HBT-EP research program: 3D effects and control in a tokamak

The High Beta Tokamak – Extended Pulse (HBT-EP) research program aims to test control methods and validate simulation codes at low cost on a small-scale facility, qualifying concepts to be applied to larger facilities. Efforts are focused on natural and applied 3D features in tokamak plasmas, including (i) addressing the runaway electron problem relevant to tokamak disruptions via a Runaway Electron Mitigation Coil (REMC), (ii) measuring halo currents arising in disruptions and their effects, and (iii) applying fast feedback using innovative methods. The REMC is passively driven by the disruption-induced loop voltage to provide a large 3D perturbation for reducing confinement of high‐energy electrons.
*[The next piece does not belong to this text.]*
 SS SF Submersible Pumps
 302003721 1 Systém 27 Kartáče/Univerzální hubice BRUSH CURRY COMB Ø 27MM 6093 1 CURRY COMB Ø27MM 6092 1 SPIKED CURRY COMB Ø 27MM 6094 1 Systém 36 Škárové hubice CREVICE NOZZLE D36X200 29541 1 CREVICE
This is the first experimental demonstration of this concept, using a purpose-built 3D coil in vessel. Halo currents are measured using 72 diagnostic tiles, including 36 located in high-field-side regions where the plasma strongly impacts during disruptions. A convolutional neural network (CNN) implemented on a FPGA to measure MHD modes using solely optical measurements from high-speed videography has been applied in a feedback loop to control m/n=3/1 modes with a latency below 20 μs, on par with the magnetic sensor GPU-based control system. Simulations of sawtooth activity are conducted using NIMROD with non-axisymmetric wall resistivity to study effects of parameters and 3D features on sawtooth suppression. Upcoming plans for HBT-EP will also be presented.